93 médicaments à éviter, dont 82 commercialisés en France

« Des médicaments plus dangereux qu’utiles ». Voici les médicaments traqués par la revue Prescire, qui en a listé par pathologie près de 100 : 93 très exactement, dont 82 commercialisés en France. « L'objectif est d'aider à choisir des soins de qualité, pour d'abord ne pas nuire aux patients et pour éviter des dégâts », est-il précisé en introduction.

Pour établir cette liste noire, les auteurs du bilan se sont basés sur les analyses de plusieurs traitements et leurs conséquences, publiées dans la revue de 2010 à 2018, en se penchant sur la « balance bénéfices-risques » de chacun d’entre eux. Sont ainsi pris en compte les effets secondaires excessifs et le manque d'efficacité.

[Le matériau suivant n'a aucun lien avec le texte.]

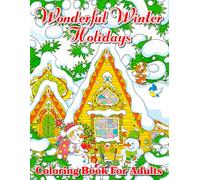 Wonderful Winter Holidays: Coloring Book for Adults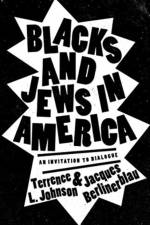 Blacks and Jews in America af Terrence L. Johnson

Le Decontractyl et le Toplexil font leur entrée sur la liste noire des médicaments 

Cette année, trois médicaments épinglés en 2018 ont été écartés de la liste : un antibiotique qui n’est plus commercialisé dans le Monde (Ketek°) et deux autres en cours d’analyse, « car de nouvelles données ont montré que leur balance bénéfices-risques n'est pas nettement défavorable, ou que ces médicaments sont des options dans de rares situations ». Il s’agit de l’anticancéreux Lynparza° et de l’Uptravi°, autorisé dans l'hypertension artérielle pulmonaire.

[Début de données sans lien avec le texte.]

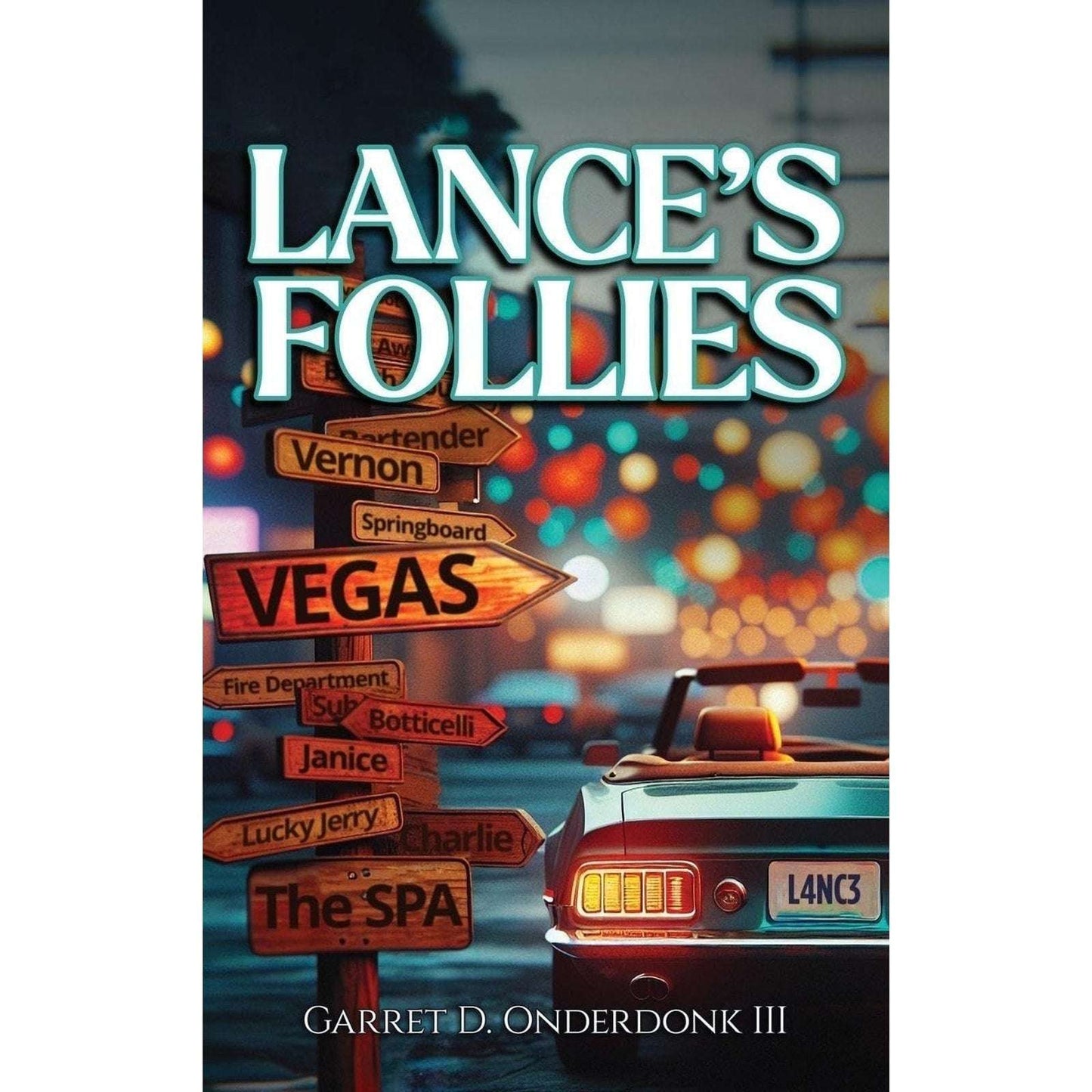 Lance's Follies by Garret D. Onderdonk, III Hardcover Book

Sur la liste 2019, six nouveaux médicaments font leur apparition : la méphénésine (Décontractyl°, Décontractyl baume°), utilisé en cas de contracture musculaire, l'oxomémazine (Toplexil° ou autre), antitussif, le trinitrate de glycéryle en application locale (Rectogesic°), l'acide obéticholique (Ocaliva°), la cimétidine (Cimétidine Mylan° ou autre) et l'ulipristal à 5 mg (Esmya°). Leurs effets indésirables seraient « disproportionnés dans toutes les indications dans lesquelles ils sont autorisés ».